Hoch konzentriert gingen die HSV-Spielerinnen in das Match und schienen Brandenburg überrollen zu wollen. Nach nur vier Minuten hieß es 5:0 für Falkensee, ehe die Mädchen aus der Havelstadt zu ihrem ersten Treffer kamen. Doch Torhüterin Hannah Waldburger verhinderte mit einigen hervorragenden Paraden, dass Brandenburg ins Spiel kam und die HSV-Spielerinnen zogen konsequent ihr aggressives und ballorientiertes Spiel durch. So starteten sie mit einem deutlichen 13:4-Sieg verheißungsvoll in das Turnier.

Im zweiten Spiel nahmen die Falkenseer Mädchen den Schwung mit und ließen dem LHC Cottbus nicht den Hauch einer Chance. Bereits zur Halbzeit lag das HSV-Team mit sieben Toren in Führung. Auch als der Falkenseer Trainer wechselte und die neuen und unerfahrenen Spielerinnen brachte, ging das muntere Torewerfen weiter. Am Ende hieß es 23:2 für Falkensee. Ein 15:7-Sieg gegen den Oranienburger HC rundete die hervorragende Vorrunde ab und bescherte den Gartenstädterinnen den Halbfinaleinzug. Dort trafen sie auf Rot-Weiß Werneuchen, das sich in der anderen Gruppe gegen Doberlug-Kirchhain durchgesetzt hatte. In der ersten Halbzeit hielt Werneuchen noch recht gut mit, um letztendlich doch deutlich das Nachsehen zu haben.

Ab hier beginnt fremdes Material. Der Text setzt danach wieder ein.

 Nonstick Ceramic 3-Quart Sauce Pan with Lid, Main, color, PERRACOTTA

Im Finale trafen dann die beiden ungeschlagenen Teams vom Frankfurter HC und dem HSV Falkensee aufeinander. Alle waren sich einig, dass die beiden besten Mannschaften völlig verdient in diesem Endspiel standen. Es sollte auch die spannendste und dramatischste Partie des gesamten Turniers werden. Kein Team konnte sich absetzen, einer Führung folgte stets der Ausgleich. Die Mädchen beider Teams gingen angesichts der hohen Temperaturen an ihre körperlichen Grenzen. Sowohl zur Halbzeit als auch zum Ende des Spiels stand es unentschieden. Entsprechend der Turnierregeln musste die Entscheidung ohne Verlängerung, sondern gleich im Siebenmeterwerfen fallen. Jeweils drei Spielerinnen gingen an den „Punkt“ und die Mädchen aus Frankfurt waren am Ende die glücklicheren.

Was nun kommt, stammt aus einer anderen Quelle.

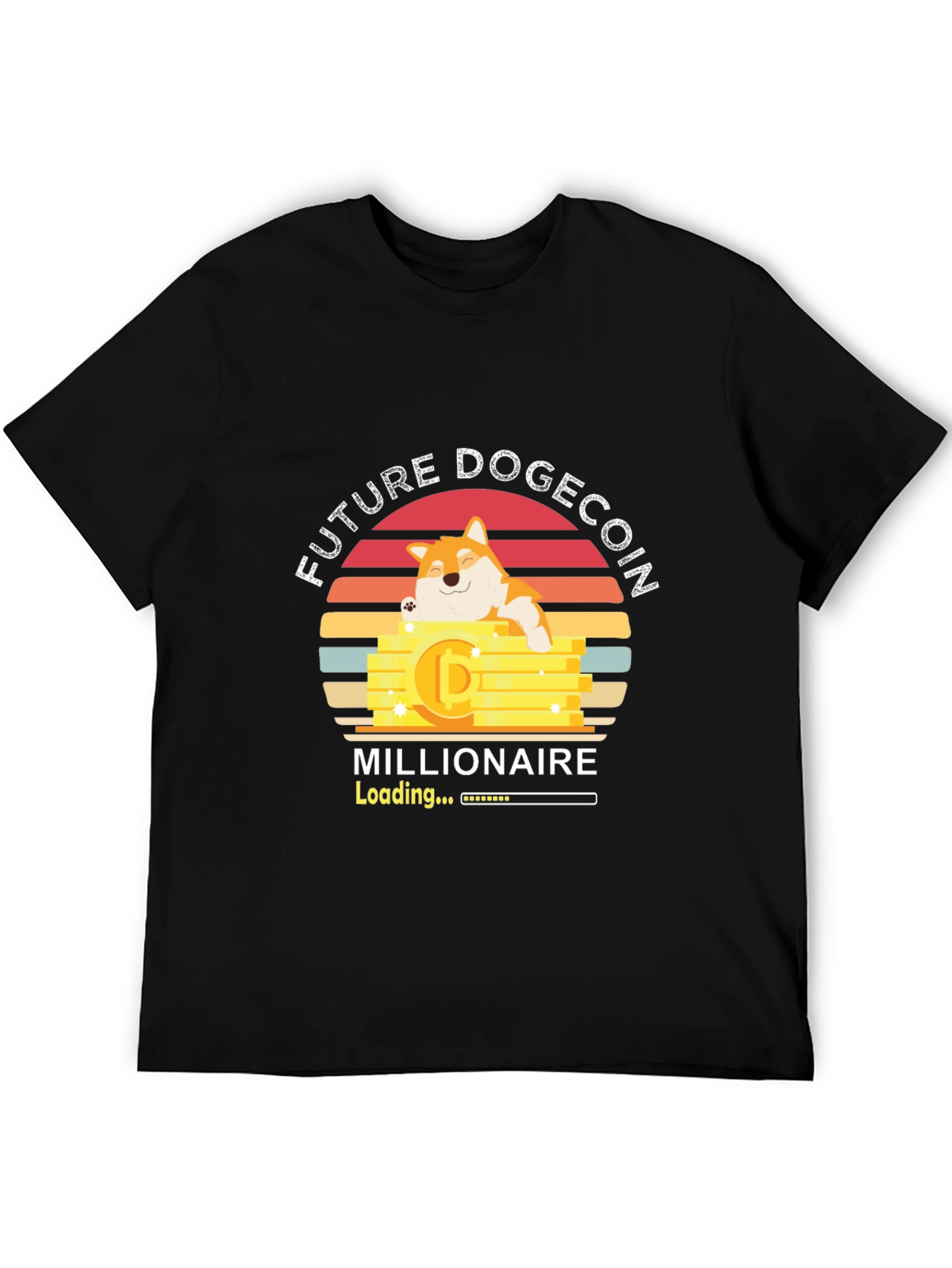 Black Future Dogecoin Millionaire T-Shirt view 5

Nachdem die erste Enttäuschung verarbeitet war, konnten sich aber auch die Falkenseer Spielerinnen über die Silbermedaillen freuen. Der Trainer und die zahlreich mitgereisten Eltern und Fans waren sehr stolz auf das Team, aus dem neun Spielerinnen in der kommenden Saison in die höhere Altersklasse der D-Jugend aufrücken werden.